The Melancholy of Haruhi Suzumiya
Nagaru Tanigawa, 2003

the sixth book in the visitor recommendation series;
suggested by Patrick Augustine

Every time I start a new book in the visitor recommendation series I wonder why the person who suggested it did so. In theory, that's a dumb question, as I discouraged people from trying to guess what I might like; for the most part these are supposed to be books they would have recommended to anyone. Still, I keep finding myself thinking, "Ah, this must be the element I was supposed to connect with" or "I bet this is the part he was hoping I'd talk about in my writeup." This is especially the case when I reach one of the more eccentric choices, such as this Japanese "light novel." Was it because I'd once written a rundown of William Sleator's young-adult science-fiction novels, to which this bears more than a passing similarity? Was it that it's set at a high school where some of the students may secretly have various types of superpowers, which is more or less the premise of my web comic? Was it that the title character briefly mentions having synesthesia, or that her interactions with her classmates initially resemble Echo Mockery's? As it turned out, Patrick Augustine ended up volunteering the answer without my having to ask, but before I get to that, let me talk about the book itself.

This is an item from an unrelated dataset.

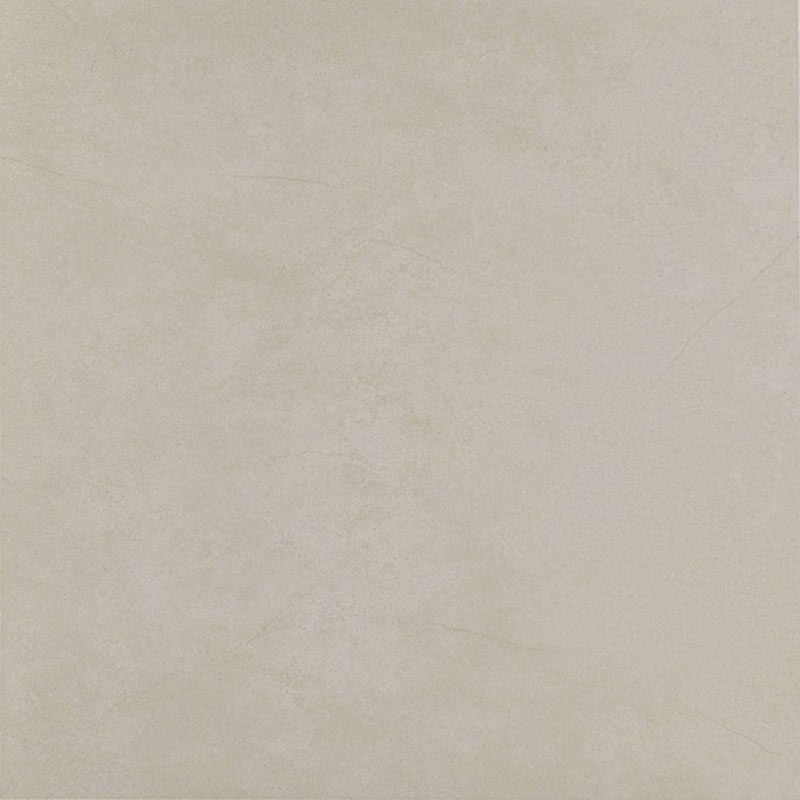 Marco Polo E-era CH6258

The best aspect of The Melancholy of Haruhi Suzumiya is the premise. Presumably you're familiar with stories in which the seemingly normal world turns out to have been infiltrated by aliens, or is being visited by time travelers who need to avoid creating temporal paradoxes, or is actually all just a shared illusion. The gimmick behind TMoHS is that all of these things are happening at once. That is pretty cool. It certainly flouts the "maximum of one buy-in" rule that governs Hollywood. That said, it's not hugely different from comic-book multiverses in which Norse gods coexist with gamma-irradiated physicists and telepathic mutants. (I feel like "it isn't doing anything that isn't already de rigueur in comics" is something I say a lot.)

However promising a premise might be, though, eventually it needs to be fleshed out with characters and a plot and so forth, and here TMoHS runs into problems. We can start with the title character, Haruhi Suzumiya. She starts off haughty and hostile ("Don't talk to me! You're wasting my time!"), becomes a domineering martinet ("Don't be late! Absentees will be executed!"), and remains oblivious to the plot points unfolding around her — not a winning combination. Meanwhile, the narrator is basically a Japanese version of Stephen Bond's Rameses, spending the story thinking exasperated remarks to himself ("Why am I surrounded by a bunch of idiots?") but never voicing them and instead meekly going along with Haruhi. Of the three secondary characters, one is bullied by Haruhi into weeping submission, one is autistically unresponsive to even the most extreme behavior, and the third comes from the "grin your way through everything" school. The result is that this is basically the story of a profoundly socially maladjusted person, surrounded by people acting like this is somehow okay. It was bad enough running into cliques like this back in school without having to read about them.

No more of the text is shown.